-- DATA RECORDS follows --

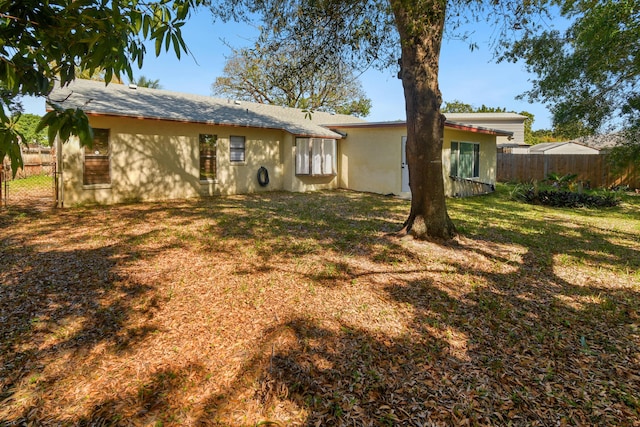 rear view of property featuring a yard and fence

-- DATA RECORDS concluded --
-- DATA RECORDS follows --

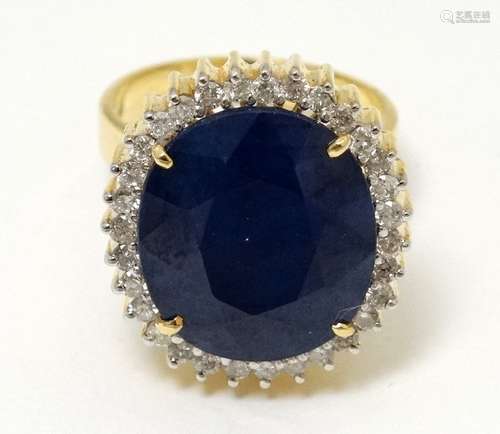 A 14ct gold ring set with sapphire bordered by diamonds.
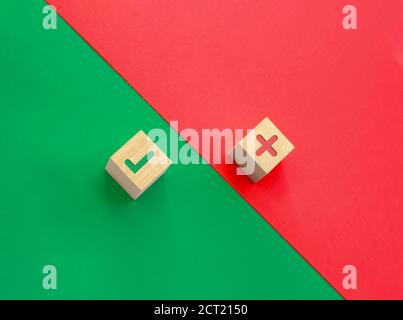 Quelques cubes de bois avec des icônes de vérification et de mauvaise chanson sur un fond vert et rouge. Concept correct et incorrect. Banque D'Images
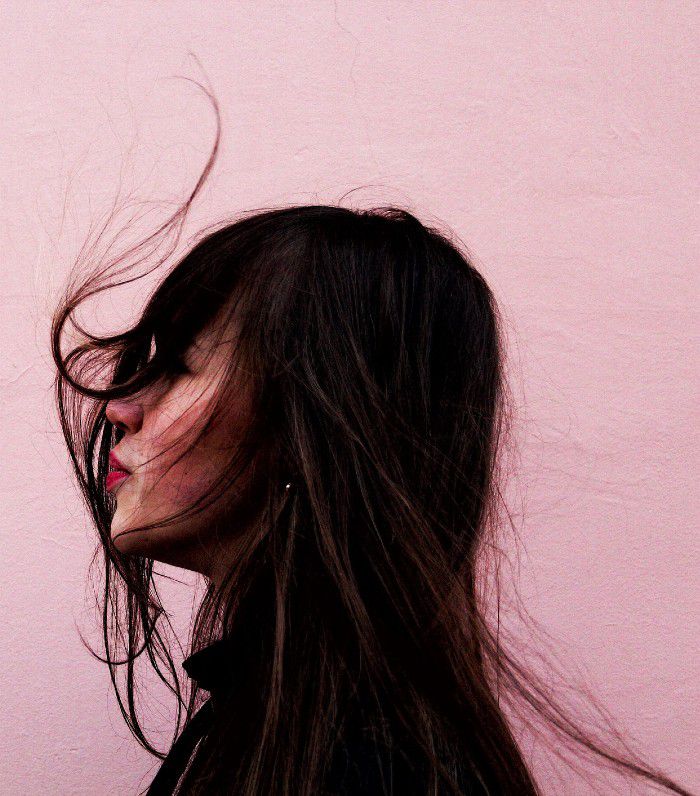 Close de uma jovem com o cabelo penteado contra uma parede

-- DATA RECORDS concluded --

** WORK REQUIRED **
While skipping the pictures, transcribe the data above from the line showing "Quelques cubes de" through the line showing "Close de uma", exactly and with both ends.

** COMPLETED EXERCISE **
 Quelques cubes de bois avec des icônes de vérification et de mauvaise chanson sur un fond vert et rouge. Concept correct et incorrect. Banque D'Images
 Close de uma jovem com o cabelo penteado contra uma parede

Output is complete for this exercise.